- _WORK TO BE COMPLETED_:
With the pictures removed, reproduce exactly the lines from the one that contains "Đồng hồ Koso" through the last line of the entries below.

━━ STORED DATA ━━

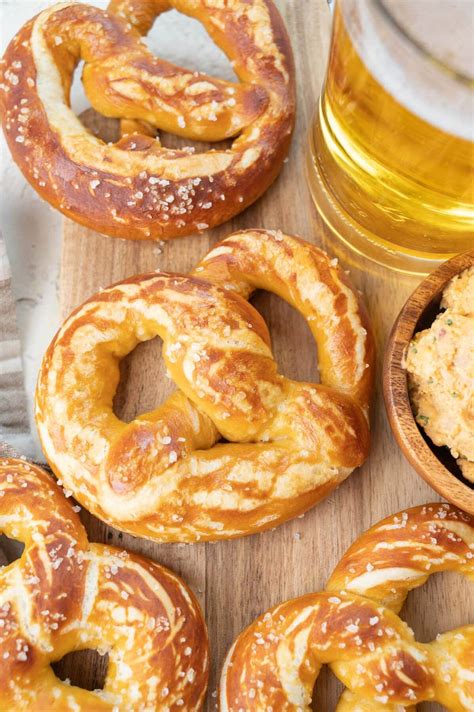 German Pretzels (Soft Pretzels) - Everyday Delicious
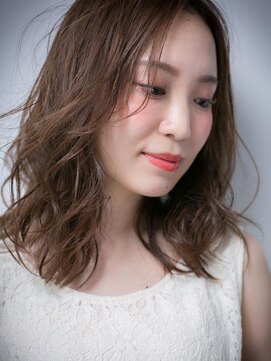 カバーヘア ブリス 上尾西口店(COVER HAIR bliss) センターパート&無造作カールの大人セミディw上尾20代30代40代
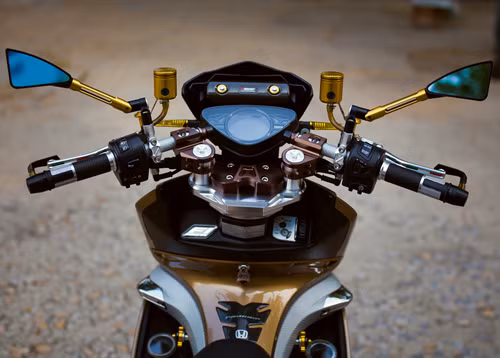 Đồng hồ Koso Mio, tay lái Biker, gương chiếu hậu Rizoma Tomok.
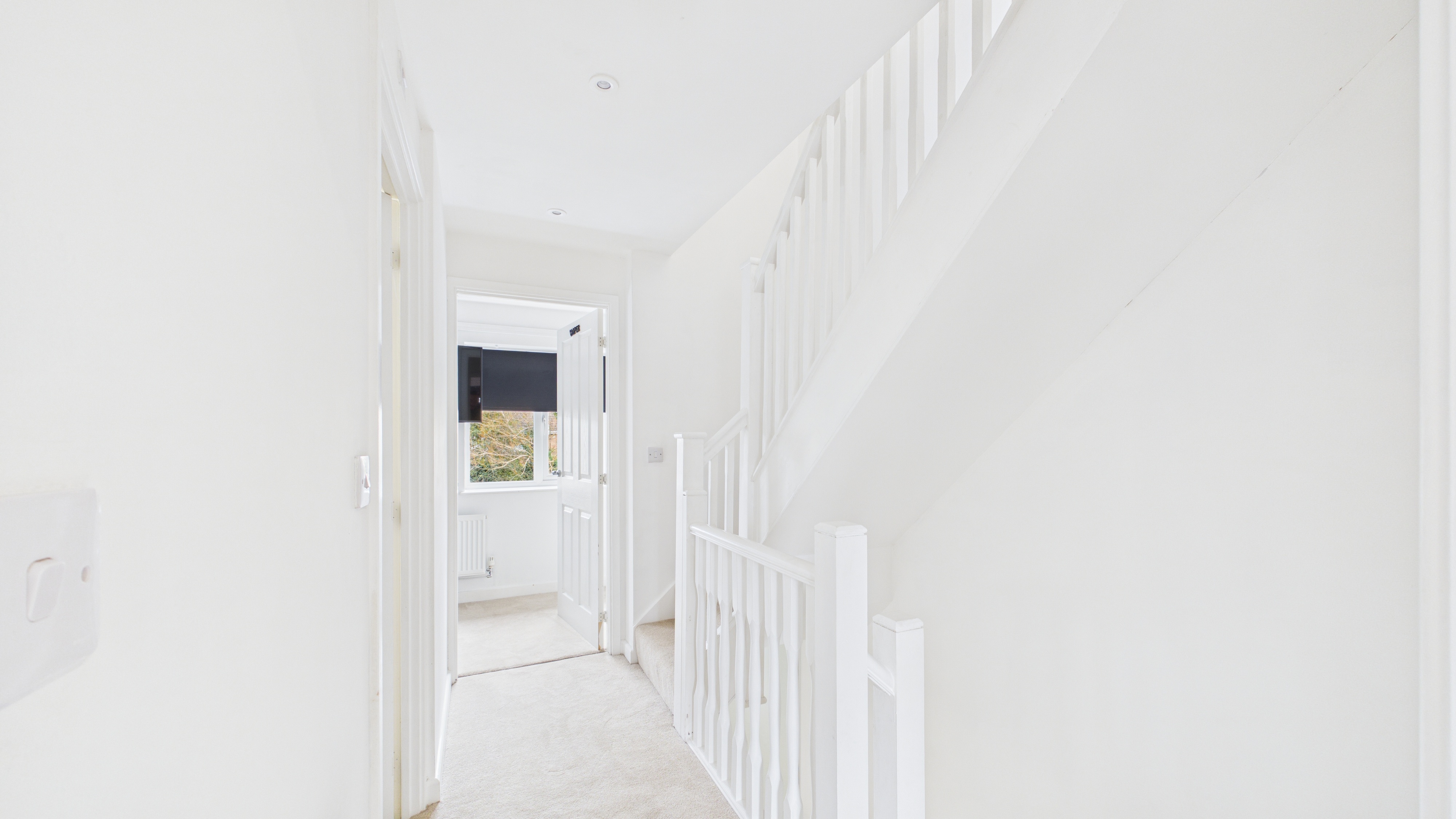 Image 14 - Landing (2)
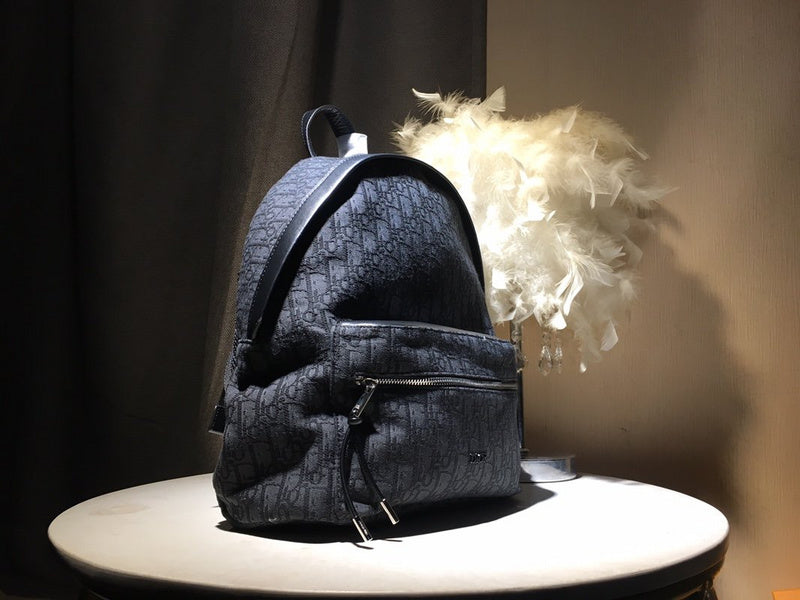 Christian Dior Luxury - The Tote   767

━━━

- _EXPECTED ANSWER_:
 Đồng hồ Koso Mio, tay lái Biker, gương chiếu hậu Rizoma Tomok.
 Image 14 - Landing (2)
 Christian Dior Luxury - The Tote   767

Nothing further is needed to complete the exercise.